Lucy Got Problems – A Visual Novel Review

Sometimes you just stumble upon one of those games that seem tailor-made for you. Lucy Got Problems is a fantasy eroge novel with yuri themes, centering around a cast of mostly dark-skinned characters. I have never clicked “Add to Cart” button faster in my entire life. While Lucy Got Problems has… some problems, I did end up obsessively playing the novel until I’d 100% completed it.


You play as the succubus Lucy, who is a scout enlisted in the armies of The Legion. This demonic force is rules by the priestess Tiamat, on whom Lucy has a bit of a crush. This is awkward, because the novel starts with Lucy having to explain her latest failure to Tiamat. She was sent on a mission to the Elven forests to retrieve a relic and things got… complicated.

PHOTO: Lucy fantasizes about Tiamat

Though she may be a Succubus, Lucy is also an affable goofball. She is dense and has ADHD, causing her dialogue and thought patterns to swing wildly from topic to topic. She is easily overwhelmed and has a lot of cute reactions to all the weird things that happen in the forest. For example, in my first run she ended up becoming hyperfixated on the idea that a random acorn could house a spirit. Whereupon she wasted several minutes loudly attempting to extort it for information.

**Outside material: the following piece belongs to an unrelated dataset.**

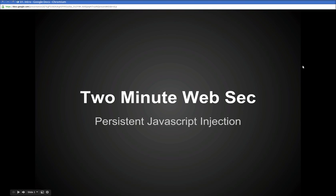Hi and welcome to Two Minute Web Sec. Today we're going to be talking about persistent JavaScript injection.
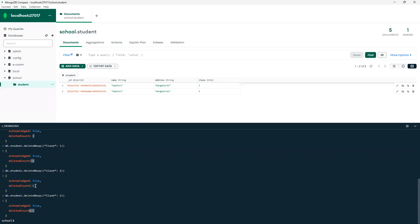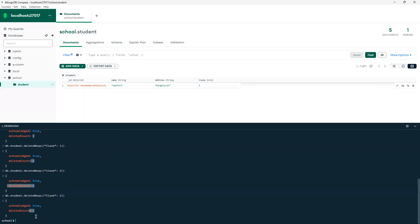Previously it was showing zero because nothing was found. If we need to check how many records got deleted, we can use an if condition with acknowledged true to check whether our query ran successfully, and then check deleteCount equals zero or one. If there are no records matching the condition, it displays deleteCount equals zero. We can use both of these values to verify results based on our condition.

That’s a good example of how smoothly you can expect your mission to go. Lucy has no clue where to go or what to do, she is going to get side-tracked, and you’re probably going to run into half-a-dozen Elven traps along the way. Maybe you’ll stumble upon incredible magic secrets through sheer happenstance, maybe you’ll get Lucy sexually molested by fish. Who knows?

PHOTO: Lucy drifts away along a river.

Lucy Got Problems has a branching story based on your choices, of which there are a lot. While some story beats are unavoidable, the paths between them can vary wildly. For example, the sum of your choices can either bring you into a position where you can ambush an Elven scouting party or they may end up capturing you instead. Both then lead to completely different scenarios, which themselves have choices that lead to smaller branches.

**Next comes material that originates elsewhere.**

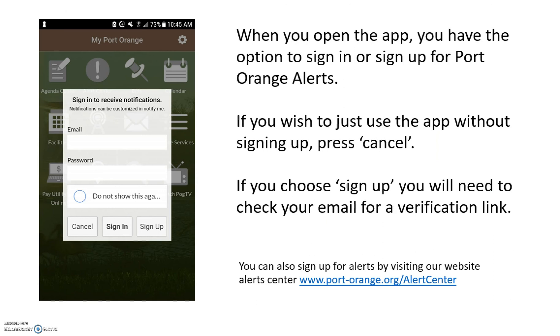When you open the app, you have the option to sign in or sign up for Port Orange alerts. If you wish to just use the app without signing up, press Cancel. If you choose Sign Up, you will need to check your email for a verification link.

It can be disappointing when you realize that a lot of story paths inevitably coalesce, but I felt that the story was open enough. I enjoyed seeing what consequences I’d get for my choices and I was invested enough to go back and explore the outcomes I’d missed.

PHOTO: Lucy wakes up to an upside-down world.

Sometimes you’ll have to make choices under a strict time-limit, such as during action scenes where you need to quickly choose your next move. This works well and adds some intensity to the reading. If that’s not to your liking, the game allows you the option to turn it off. Optionally, you can even turn off dead ends so that your choices will never lead to a premature Game Over or permit yourself to rollback a decision you regret. I personally just played with the default settings, but I appreciate the game’s flexibility in accommodating readers who’d want a different experience with it.

With that said, I’d hesitate to call the story “good”. It has a fun premise and I enjoyed the character interactions, but the plot itself is quite shallow. My first run took just under 2 hours, so a lot of the plot ends up feeling way too rushed for how epically it presents itself. The finale felt abrupt and left me feeling somewhat unsatisfied; a feeling that didn’t fade, even after going back to explore every possible ending.

I also had mixed feelings on the game’s tendency to include a bunch of meta humor and fourth wall breaks. It admittedly got a laugh at times, but having the characters use internet language or joke about what’s on TV stresses the already-strained fantasy setting. It can also be too overbearing, like one extended joke that’s a spoof on high-school action anime.

PHOTOS: Lucy exchanging a kiss with a naked woman

Besides the branching story, other motivating factors for replaying the game are the romance and the erotic content. On her mission, Lucy has opportunities to get tangled up—sometimes literally—in all sorts of naughty situations.

The game wears its perversion on its sleeve. All the outfits for the characters have their sexiness dialed up to 11 and those outfits can get damaged throughout the story. Even the incredibly shy Ellie has her cleavage on full display and rocks a leaf-miniskirt that only extends a millimeter beyond her groin. The sprites use jiggle physics and there are a bunch of suggestive poses as well.

And that’s all just during regular reading. The game has actual kissing and sex scenes, which are accompanied by detailed illustrations like the ones above and below. Lucy can get intimate with different characters, spy on people, and there are some “natural hazards” that can have it out for her. These scenes are done really well, both in art and in writing. For a cheap visual novel on Steam, the eroge aspect punches far above its weight.

PHOTO: Lucy tangled up in some living vines, expecting the worst.

And that’s really the main take-away here. Lucy Got Problems is cheap and short, but it’s an entertaining story with some good, erotic highlights. At only 8 euros and with frequent sales, it’s a novel worth looking into if you’re a fan of yuri or fantasy hentai. Most everybody else can probably look at the character designs and accurately guess as to whether this will be up their alley or not.